Beginning with the line where "Bild Autoschlüssel Hülle" appears, set down each line exactly until the records below end, and omit the pictures.

********

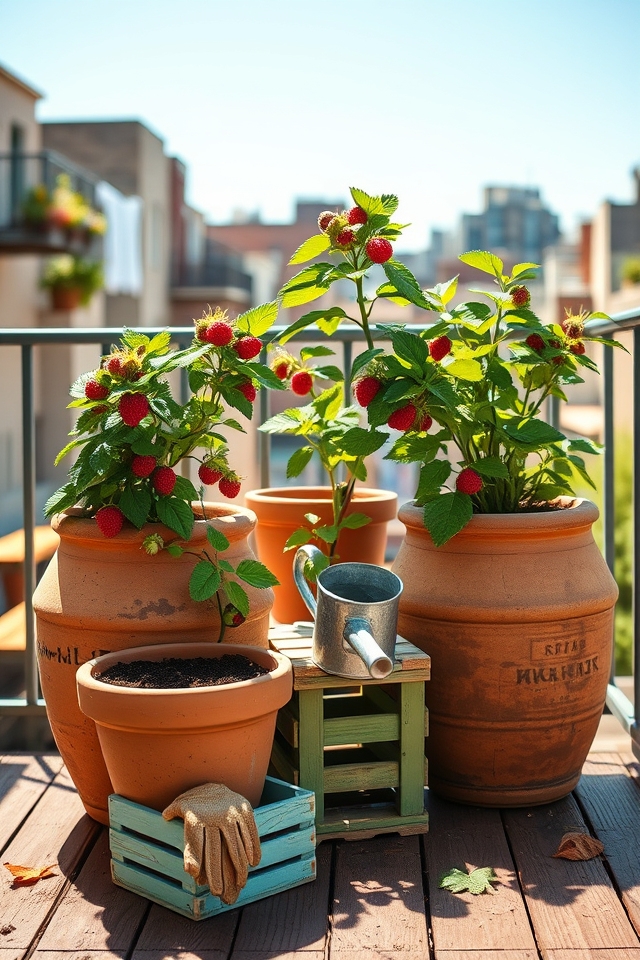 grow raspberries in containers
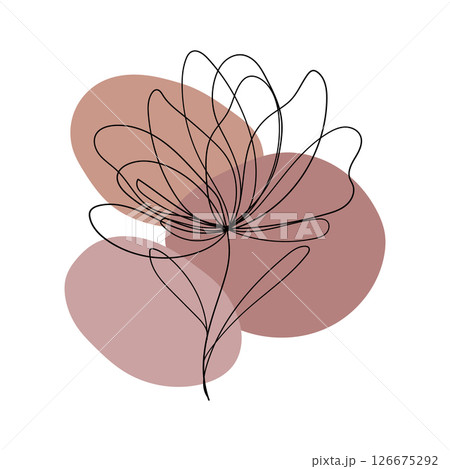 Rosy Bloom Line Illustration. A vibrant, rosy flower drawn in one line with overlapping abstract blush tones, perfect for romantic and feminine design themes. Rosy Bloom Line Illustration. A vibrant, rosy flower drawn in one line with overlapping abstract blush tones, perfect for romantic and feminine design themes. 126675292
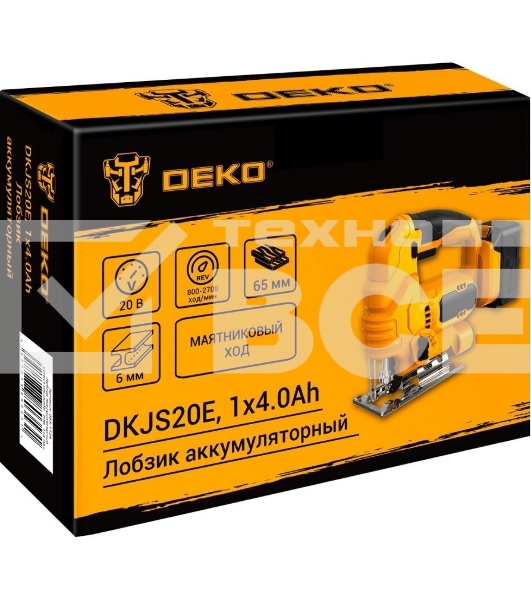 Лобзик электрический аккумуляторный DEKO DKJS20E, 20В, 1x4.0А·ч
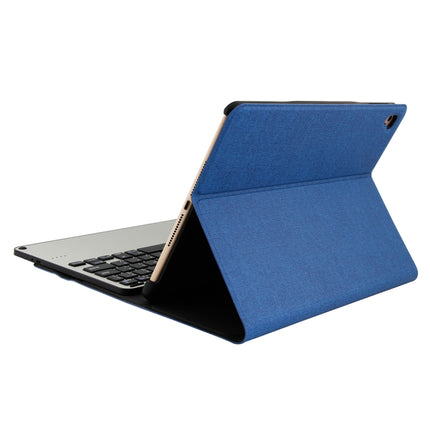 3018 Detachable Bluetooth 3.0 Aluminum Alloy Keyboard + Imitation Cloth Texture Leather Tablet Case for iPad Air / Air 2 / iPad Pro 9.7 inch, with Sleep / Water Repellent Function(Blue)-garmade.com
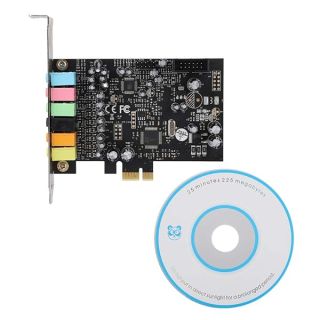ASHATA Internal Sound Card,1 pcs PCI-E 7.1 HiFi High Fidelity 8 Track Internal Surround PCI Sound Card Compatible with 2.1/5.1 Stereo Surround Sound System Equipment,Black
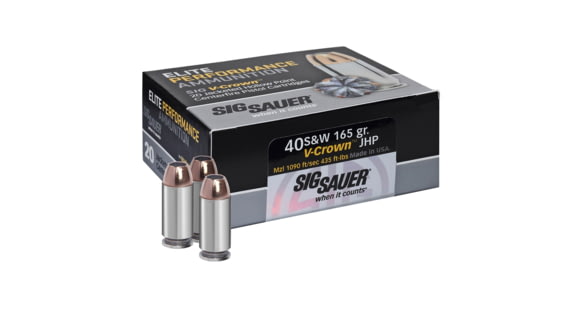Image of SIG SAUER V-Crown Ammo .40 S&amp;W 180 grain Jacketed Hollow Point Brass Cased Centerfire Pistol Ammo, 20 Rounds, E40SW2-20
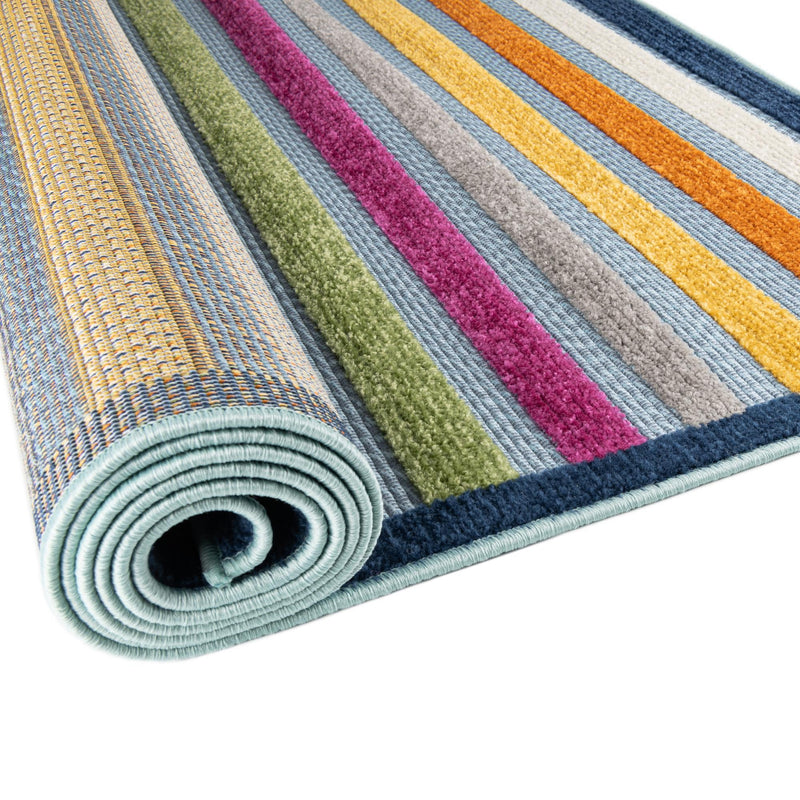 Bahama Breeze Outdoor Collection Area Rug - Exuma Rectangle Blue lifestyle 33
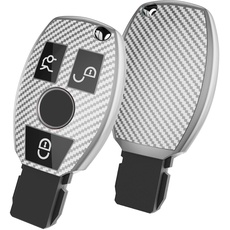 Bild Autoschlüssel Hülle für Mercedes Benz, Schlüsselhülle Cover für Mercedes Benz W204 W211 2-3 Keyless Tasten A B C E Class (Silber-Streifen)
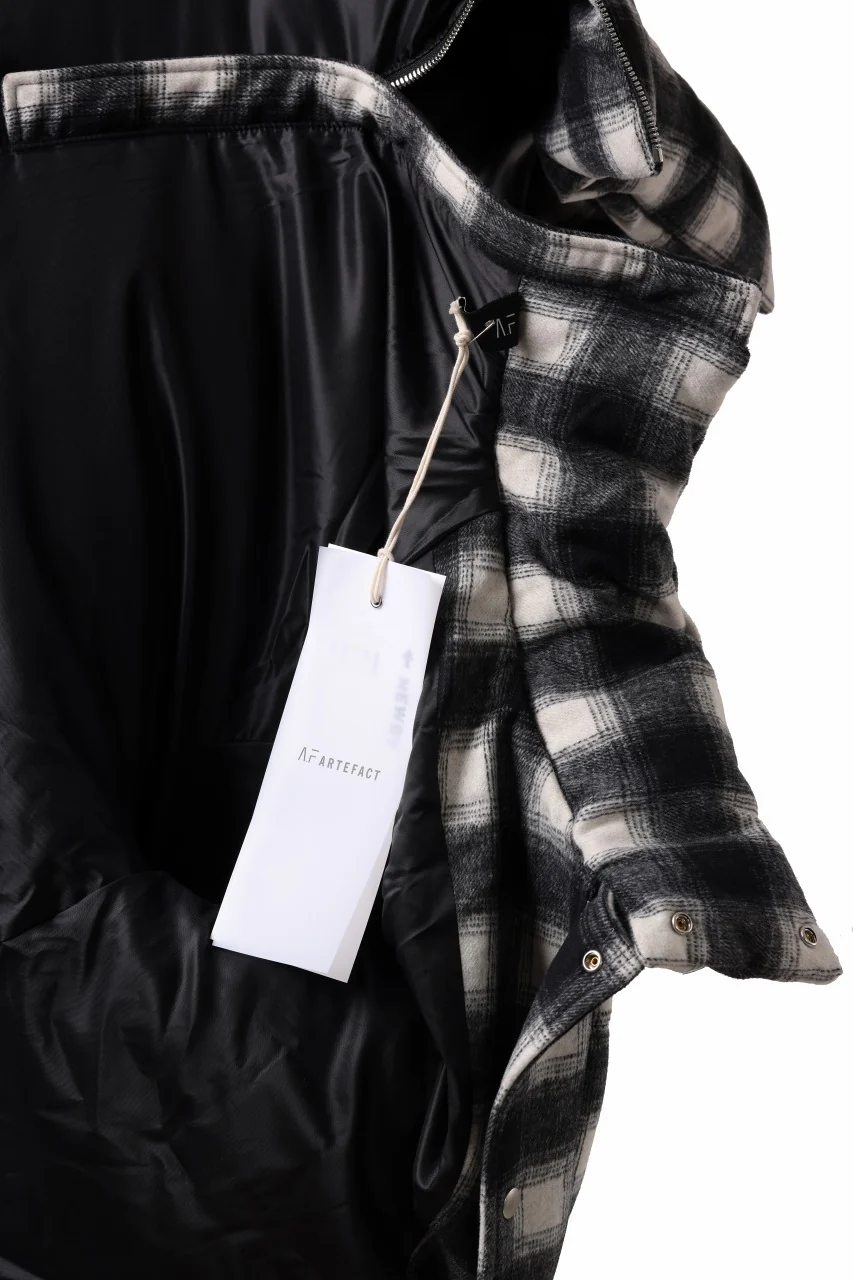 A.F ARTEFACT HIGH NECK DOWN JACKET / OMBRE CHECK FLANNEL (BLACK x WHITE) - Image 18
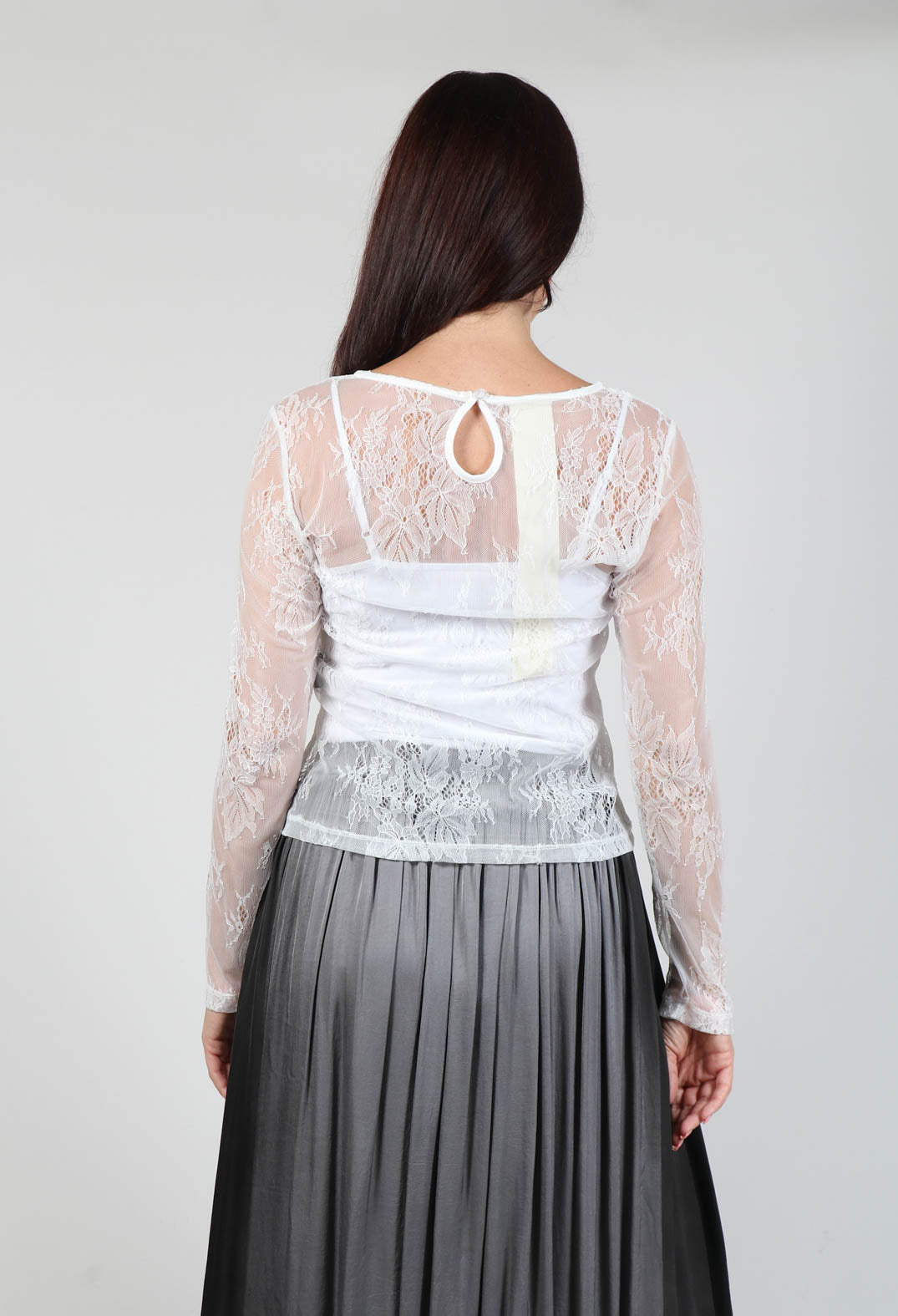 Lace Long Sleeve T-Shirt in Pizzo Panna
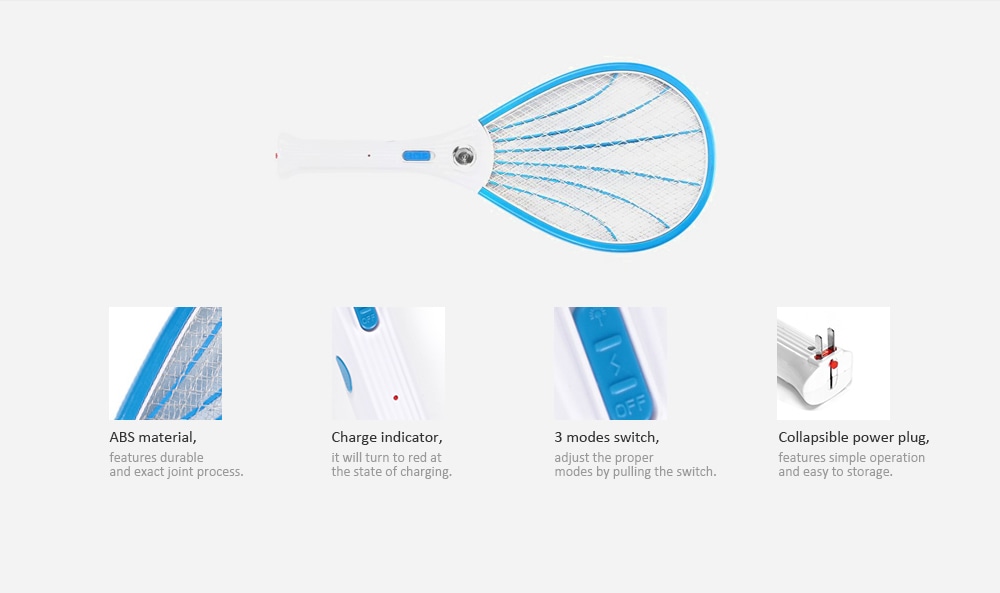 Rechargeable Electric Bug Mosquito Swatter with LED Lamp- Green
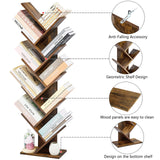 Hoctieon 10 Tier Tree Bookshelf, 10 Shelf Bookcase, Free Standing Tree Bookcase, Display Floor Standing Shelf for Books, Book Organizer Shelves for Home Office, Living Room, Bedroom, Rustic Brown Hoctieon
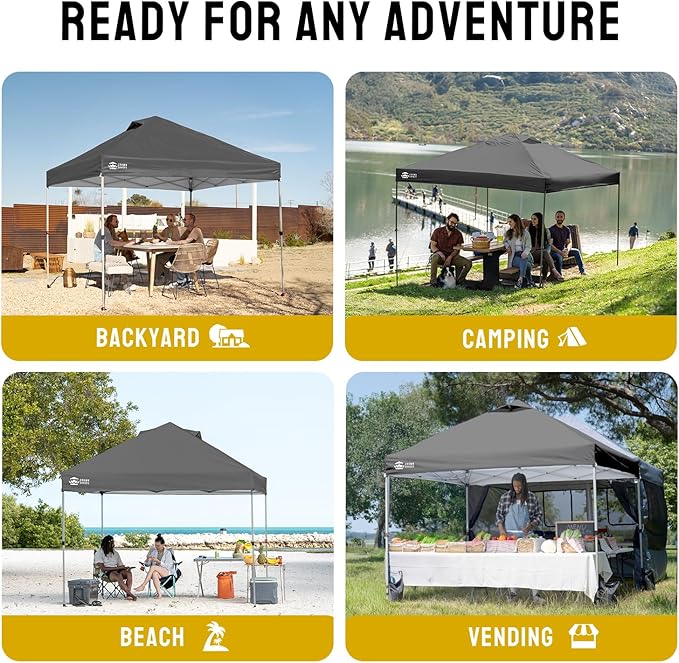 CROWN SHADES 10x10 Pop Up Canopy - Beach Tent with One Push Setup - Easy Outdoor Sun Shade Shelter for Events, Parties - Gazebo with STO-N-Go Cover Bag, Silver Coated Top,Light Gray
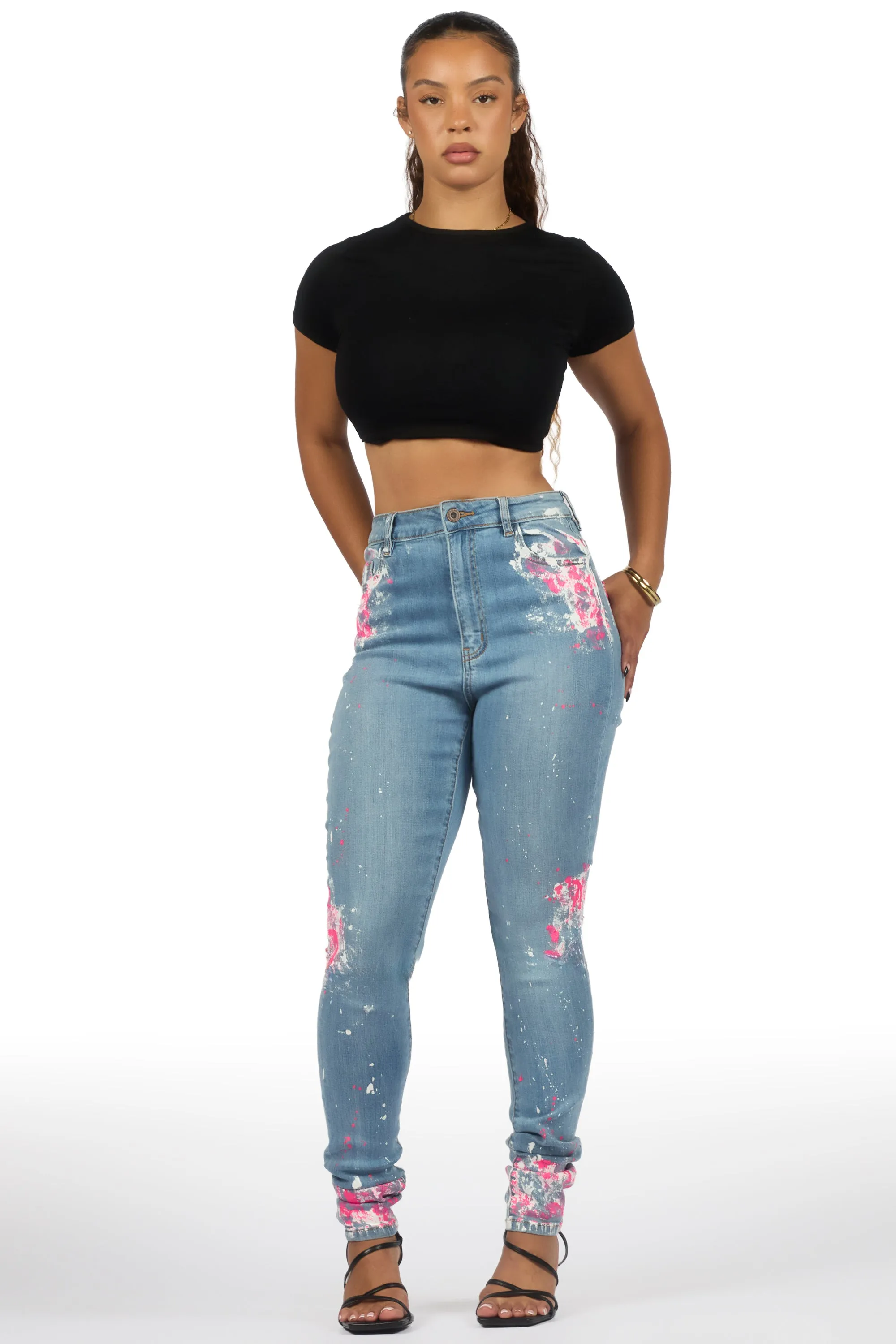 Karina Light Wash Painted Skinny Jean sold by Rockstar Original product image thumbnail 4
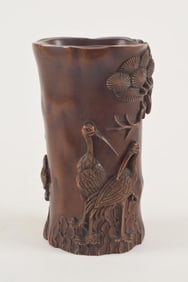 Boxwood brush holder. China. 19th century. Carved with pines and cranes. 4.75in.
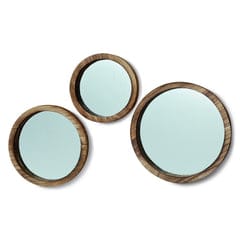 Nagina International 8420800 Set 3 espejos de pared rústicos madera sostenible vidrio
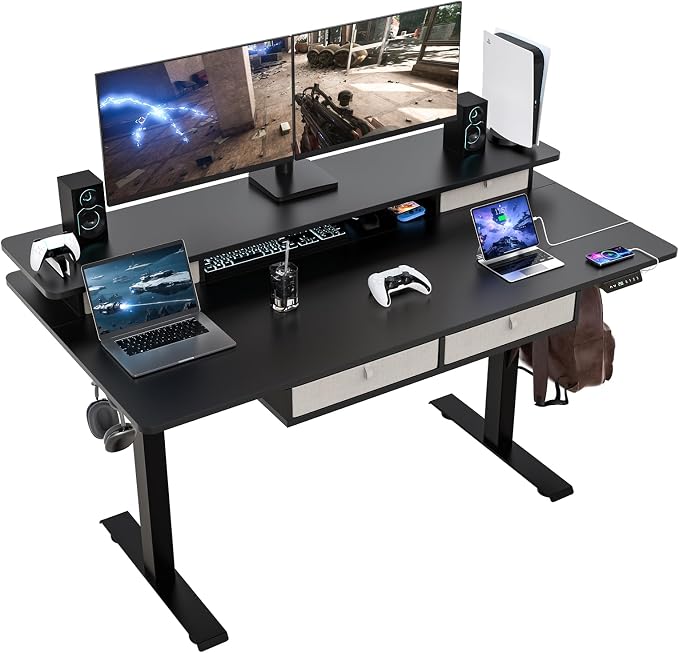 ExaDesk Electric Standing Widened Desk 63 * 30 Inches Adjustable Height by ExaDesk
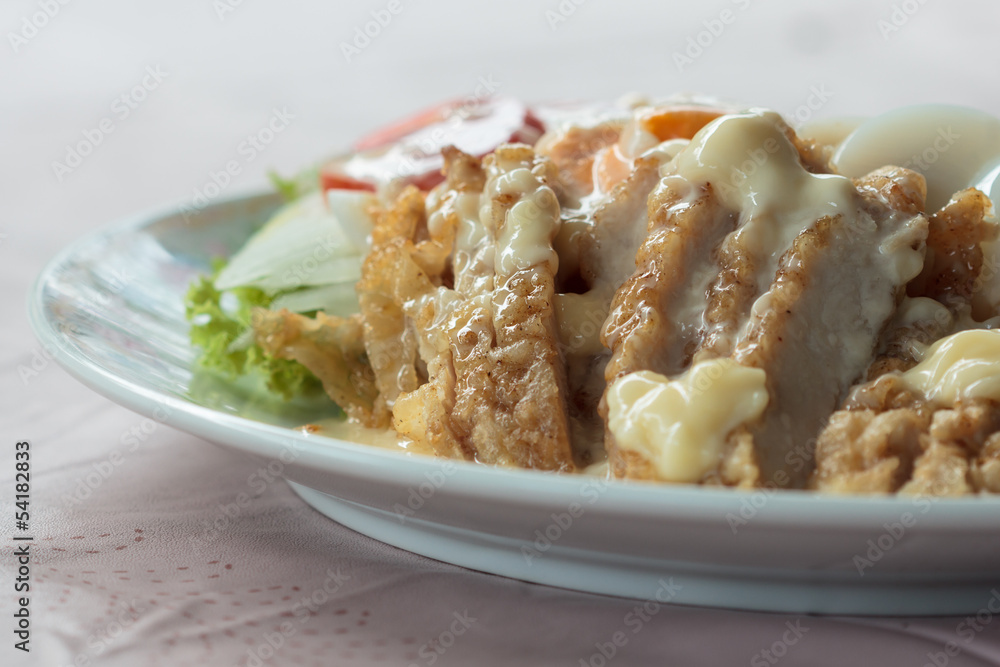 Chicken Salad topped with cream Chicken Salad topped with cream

********

RESPONSE TO THE TASK ::
 Bild Autoschlüssel Hülle für Mercedes Benz, Schlüsselhülle Cover für Mercedes Benz W204 W211 2-3 Keyless Tasten A B C E Class (Silber-Streifen)
 A.F ARTEFACT HIGH NECK DOWN JACKET / OMBRE CHECK FLANNEL (BLACK x WHITE) - Image 18
 Lace Long Sleeve T-Shirt in Pizzo Panna
 Rechargeable Electric Bug Mosquito Swatter with LED Lamp- Green
 Hoctieon 10 Tier Tree Bookshelf, 10 Shelf Bookcase, Free Standing Tree Bookcase, Display Floor Standing Shelf for Books, Book Organizer Shelves for Home Office, Living Room, Bedroom, Rustic Brown Hoctieon
 CROWN SHADES 10x10 Pop Up Canopy - Beach Tent with One Push Setup - Easy Outdoor Sun Shade Shelter for Events, Parties - Gazebo with STO-N-Go Cover Bag, Silver Coated Top,Light Gray
 Karina Light Wash Painted Skinny Jean sold by Rockstar Original product image thumbnail 4
 Boxwood brush holder. China. 19th century. Carved with pines and cranes. 4.75in.
 Nagina International 8420800 Set 3 espejos de pared rústicos madera sostenible vidrio
 ExaDesk Electric Standing Widened Desk 63 * 30 Inches Adjustable Height by ExaDesk
 Chicken Salad topped with cream Chicken Salad topped with cream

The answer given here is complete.